19.5 Encoding nominal categories (without assuming any order)
One-hot encoding is an alternative encoder that prevents the downstream models to make a false assumption about the ordering of categories. For a given feature, it will create as many new columns as there are possible categories. For a given sample, the value of the column corresponding to the category will be set to 1 while all the columns of the other categories will be set to 0.
We see that encoding a single feature will give a table full of zeros and ones. Sparse matrices are efficient data structures when most of your matrix elements are zero.
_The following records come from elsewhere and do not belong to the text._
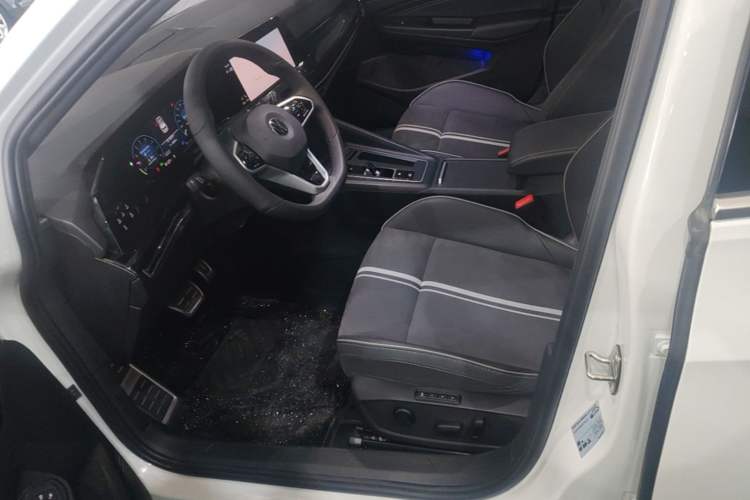 Used Volkswagen Golf 2021 280TSI DSG R-Line Left Front Seat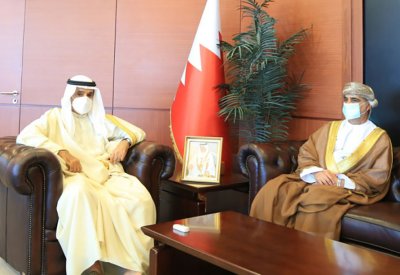 رئيس جهاز المساحة والتسجيل العقاري يؤكد عمق العلاقات الأخوية بين البحرين وعُمان
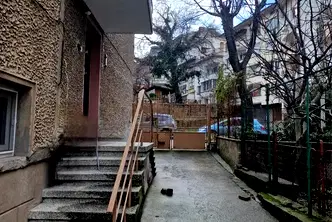 Къща в Плевен, Широк център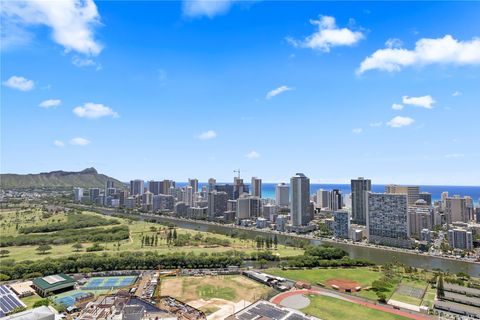 581 Kamoku Street PH4 Honolulu HI 96826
If you want more details about them, you can look at this. (https://scipy-lectures.org/advanced/scipy_sparse/introduction.html#why-sparse-matrices)
19.6 Choosing an encoding strategy
Choosing an encoding strategy will depend on the underlying models and the type of categories (i.e. ordinal vs. nominal).
In general One-Hot encoding is the encoding strategy used when the downstream models are linear models while ordinal encoding is often a good strategy with tree-based models. Using an OrdinalEncoder will output ordinal categories.The impact of violating this ordering assumption is really dependent on the downstream models. Linear models will be impacted by misordered categories while tree-based models will not. One-hot encoding categorical variables with high cardinality can cause computational inefficiency in tree-based models. Because of this, it is not recommended to use OneHotEncoder in such cases even if the original categories do not have a given order.
You can still use an ordinall encoding with linear models but you need to be sure that:
- the original categories (before encoding) have an ordering;
- the encoded categories follow the same ordering than the original categories.